The strengths throughout Collaborative Teaching in Secondary Schools far outweigh any discernable weaknesses. The book is easy to use with co-teaching terminology clearly defined and guided discussion points in reproducible handouts to facilitate the evolution of the co-teaching relationship. “Matchmaker, Matchmaker” is the title of the section in each chapter which highlights the role of the administrator as an important overseer of the relationship, such as mediation between the co-teachers and more practical matters of distributing the students with special needs among various classrooms in order to establish “natural proportions” or 15-20% per classroom. The “EZ Reference” pages and “Cliff Notes” synopsis for each chapter are definitely strengths for this book. The main co-teaching focus for this book is inclusion for students with special needs in the general population.

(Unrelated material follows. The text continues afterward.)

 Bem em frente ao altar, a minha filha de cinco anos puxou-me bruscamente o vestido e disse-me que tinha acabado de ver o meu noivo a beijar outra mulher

Reference is made to the benefits of co-teaching for students in the classroom population who are academically and intellectually gifted, but it is not a condition of differentiation that is expounded upon. Little attention to co-teaching and differentiation to meet the needs of students with giftedness or English Language Learners would be the only weakness of this book.
Dr. Wendy Murawski has classroom experience co-teaching. She has a Ph.D. in special education with an emphasis on co-teaching, collaboration, and research. She is the co-creator of Co-Teach Solutions Systems software and owns an educational consulting company. She accurately recounts the history and rationale for inclusion along with the development of laws associated with the policy of least restrictive environment which is a driving force behind the use of co-teaching for an optimal learning environment. Dr. Murawski addresses all roles in the co-teaching relationship with objectivity and parity. She stresses the importance of starting with baby steps when implementing a co-teaching program. Her book is current and applicable to a variety of audiences both experienced, and those just starting the co-teaching relationship. She provides extensive coverage of all aspects of inclusion from the formation to the longevity of a collaborative relationship. Transition information between divisions in secondary school years as well as a student’s anticipated exit from the secondary system are addressed in this comprehensive book. This book has several attributes that make it a easy and practical to use for busy educational professionals.

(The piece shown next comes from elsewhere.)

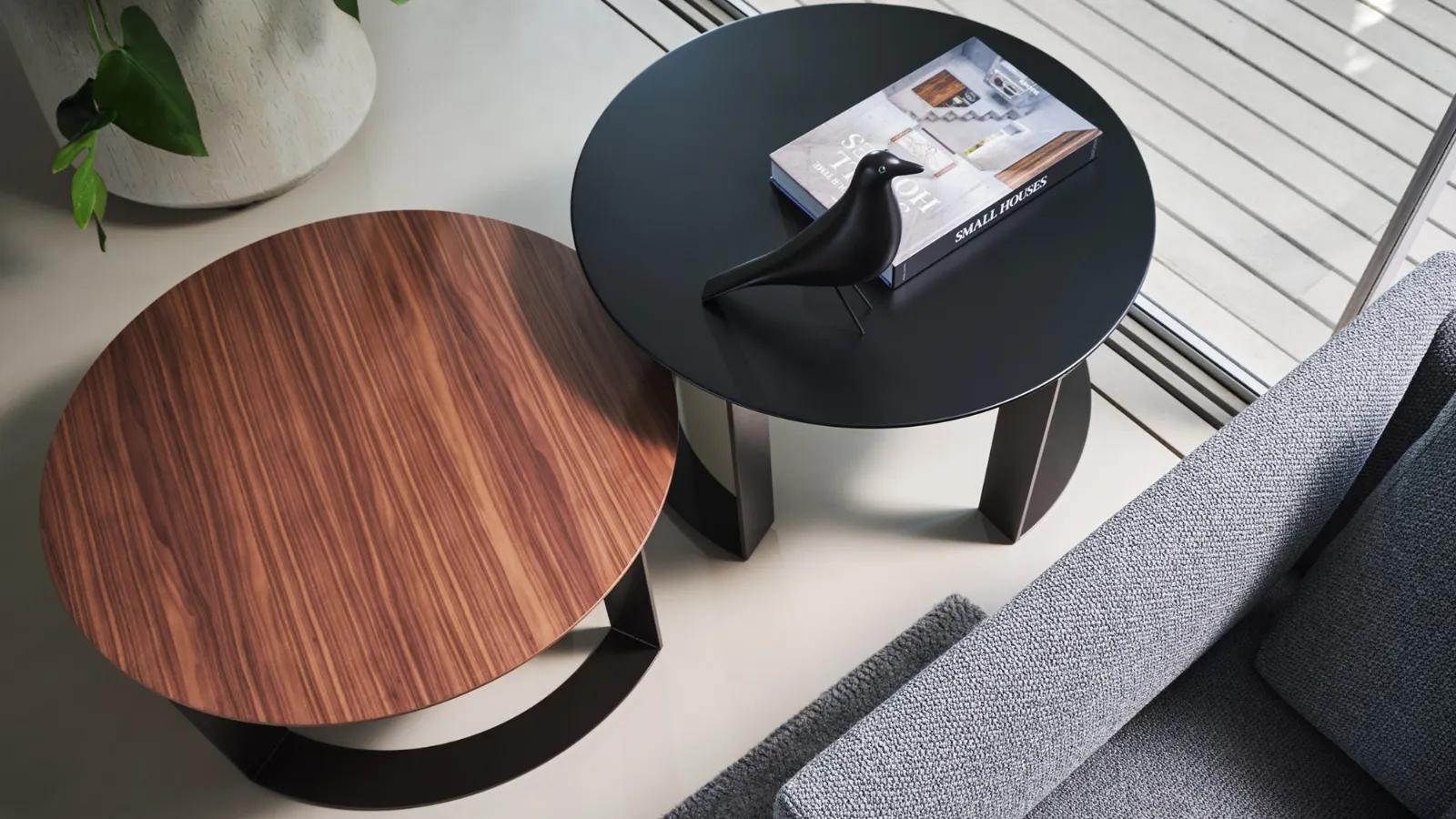 Otto Coffee table in wood effect or lacquered by Twils.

Collaborative Teaching in Secondary Schools: Making the Co-Teaching Marriage Work! should be on every teacher’s bookshelf. The format of the book follows the stages of teaming proposed by Norris (1997), Gately and Gately (2001) of Forming, Storming, Norming, and Performing. The stages in a marriage relationship that mirror these are Dating, Engagement, Wedding, and Marriage. This book illustrates the stages of group formation in a tangible and practical way so the participants understand they will have to pass through certain stages in the co-teaching experience. This book provides valuable resources to make the journey more successful. So, raise your glasses to the bride and groom. A co-teaching marriage is sure to reach its golden anniversary with this resource as its foundation.